Having seen the "tr///" operator, we are now going to look at the "m//"
operator, which stands for "match". Because this requires an understanding of
regular expressions, we give a crash course on that. If you're already
familiar with regular expressions, you should still skim over the crash
course because Perl regular expressions have handy shortcuts that you may not
be aware of.

As you may have noticed, Part 6 is twice as long as Part 5, so you may want
to take a break around the beginning of section 4. Consider yourself lucky:
Part 6 was originally about a third longer, but I finally caved in and moved
some material to Part 7.

             -----------------------------------

2) Introducing the m// operator

Try running this program:

   #!/usr/bin/perl -w
   use strict;

   my $a = 'I talked to Alice this morning.';
   my $b = 'I talked to Bobby this morning.';
   print "'$a' matches /Bob/ \n"    if   $a =~ m/Bob/;
   print "'$b' matches /Bob/ \n"    if   $b =~ m/Bob/;

What happens?

This example makes it look as though "m//" indicates whether one piece of
text contains another. In fact, "m//" performs a "regular expression" match
(or "pattern match"), which is much, much more powerful. We haven't seen
regular expressions yet, but we're going to look at them in a moment.

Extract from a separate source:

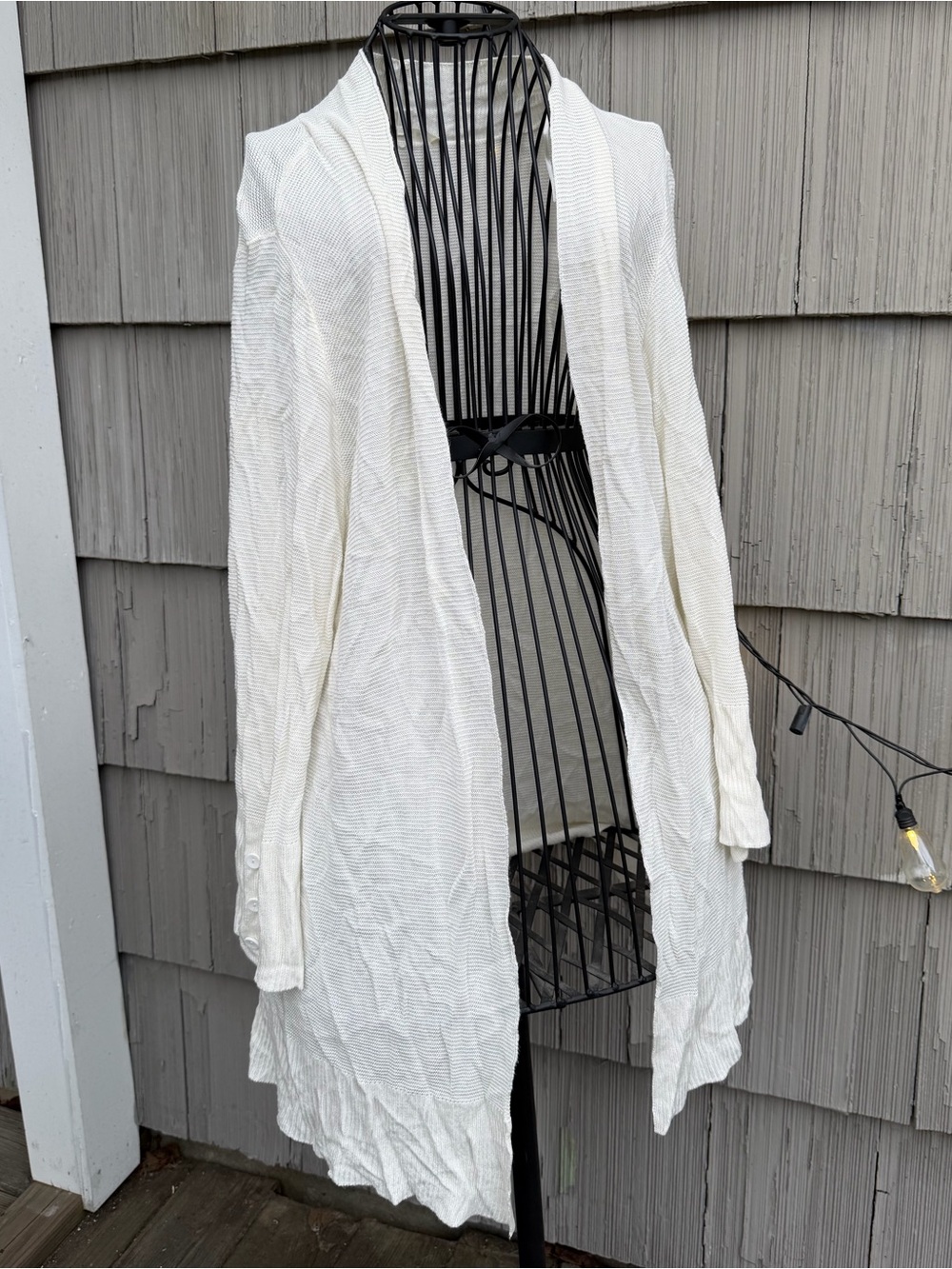 Lightweight Open Front Cardigan - Off-White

By the way, Perl is big on avoiding redundancy. If you use a slash as the
delimiter, you can omit the letter "m" entirely! So the last two statements
of the above program could have been written like this:

   print "'$a' matches /Bob/ \n"    if   $a =~ /Bob/;
   print "'$b' matches /Bob/ \n"    if   $b =~ /Bob/;

In fact, most Perl programmers prefer to write it that way. But remember: it
only works if your delimiter is a slash!

Now we're going to look at regular expressions in more detail. But keep these
four things in mind:

a) "m//" is used to test whether a given string matches or does not match a
certain regular expression.

b) The match does not need to be a separate word: in the previous example,
/Bob/ matched "Bobby".

c) The syntax of "m//" is similar to the syntax of "tr///". So we could have
used "m!Bob!" or "m<Bob>" instead of "m/Bob/".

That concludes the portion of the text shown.